[<prev] [next>] [<thread-prev] [thread-next>] [day] [month] [year] [list]
Message-ID: <ygffy1bzn4c.fsf@janus.isnogud.escape.de>
Date: 18 Sep 2007 23:20:51 +0200
From: Urs Thuermann <urs@...ogud.escape.de>
To: Patrick McHardy <kaber@...sh.net>
Cc: netdev@...r.kernel.org, David Miller <davem@...emloft.net>,
Thomas Gleixner <tglx@...utronix.de>,
Oliver Hartkopp <oliver@...tkopp.net>,
Oliver Hartkopp <oliver.hartkopp@...kswagen.de>,
Urs Thuermann <urs@...ogud.escape.de>
Subject: Re: [PATCH 2/7] CAN: Add PF_CAN core module
Patrick McHardy <kaber@...sh.net> writes:
> > +++ net-2.6.24/include/linux/can.h 2007-09-17 10:27:09.000000000 +0200
> Is this file used only from within the kernel?
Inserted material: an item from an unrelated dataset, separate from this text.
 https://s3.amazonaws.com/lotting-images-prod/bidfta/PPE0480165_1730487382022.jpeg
If so you could use
> the nicer-to-look-at u8/u16/u32 types instead of the double underscored
> ones.
No, this file contains the interface to user space.
> > +++ net-2.6.24/include/linux/can/core.h 2007-09-17 11:08:39.000000000 +0200
> > @@ -0,0 +1,78 @@
> > +
> > +extern int can_proto_register(struct can_proto *cp);
> > +extern int can_proto_unregister(struct can_proto *cp);
>
>
> The callers of the unregister function don't check the return code,
> and they can't handle errors anyways since they use it in the
> module unload path, so making it void seems more appropriate
> (and maybe a WARN_ON for the "not-found" case).
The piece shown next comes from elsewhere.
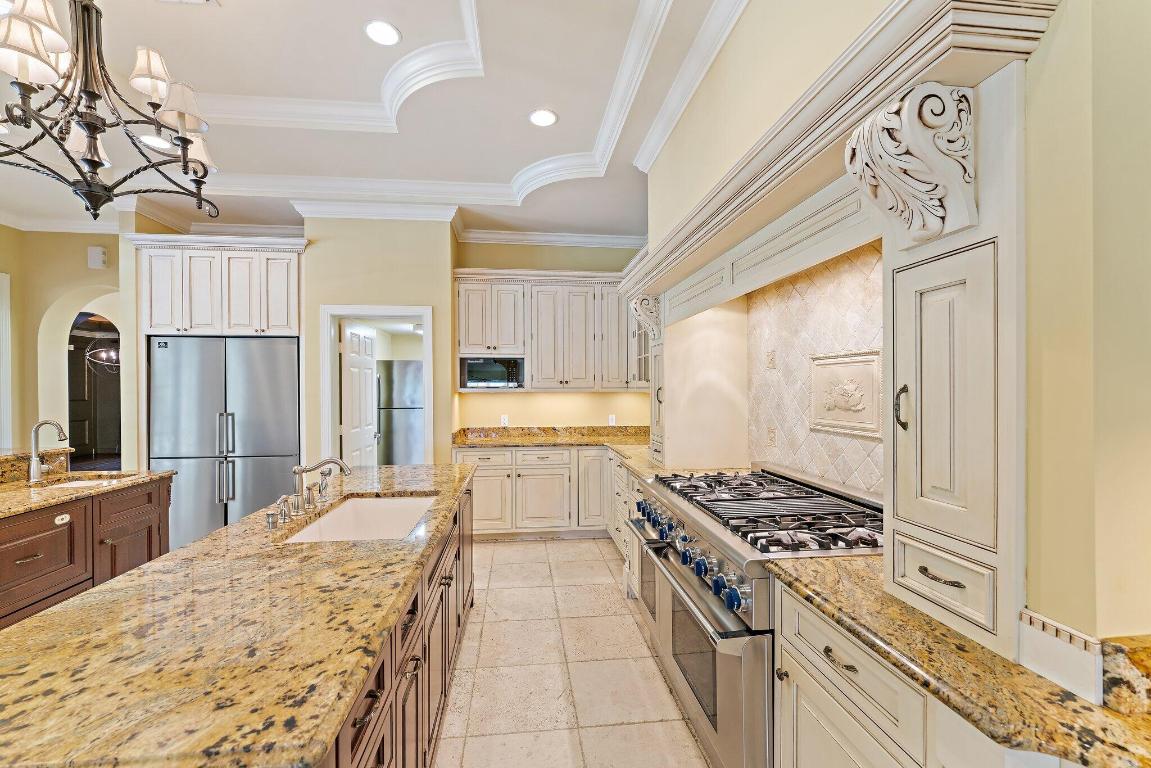 TWIN RIVERS - Residential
These functions have been declared returning void originally, but in
the review process with Thomas we changed them since they can fail.
Even if the current users, i.e. raw.c and bcm.c don't use the return
value, others might do. I therefore prefer to keep the int return
value. Rather we should check whether we can do something useful with
the return value in raw.c and bcm.c. At least we can put a WARN_ON
there.
> Same here, none of the callers check the return value and since
> they're all declared as void they can't propagate any errors back.
Same as above.
> > +#include "af_can.h"
>
>
> It seems most of the things declared in that file are only used within
> af_can.c. Might be easier to read the code if you'd just move it over.
af_can.h declares the interface between af_can.c and proc.c. There
should be nothing in af_can.h which is only used in af_can.c
> > +int stats_timer = 1; /* default: on */
>
>
> This seems to be only used in af_can.c, so it could be static.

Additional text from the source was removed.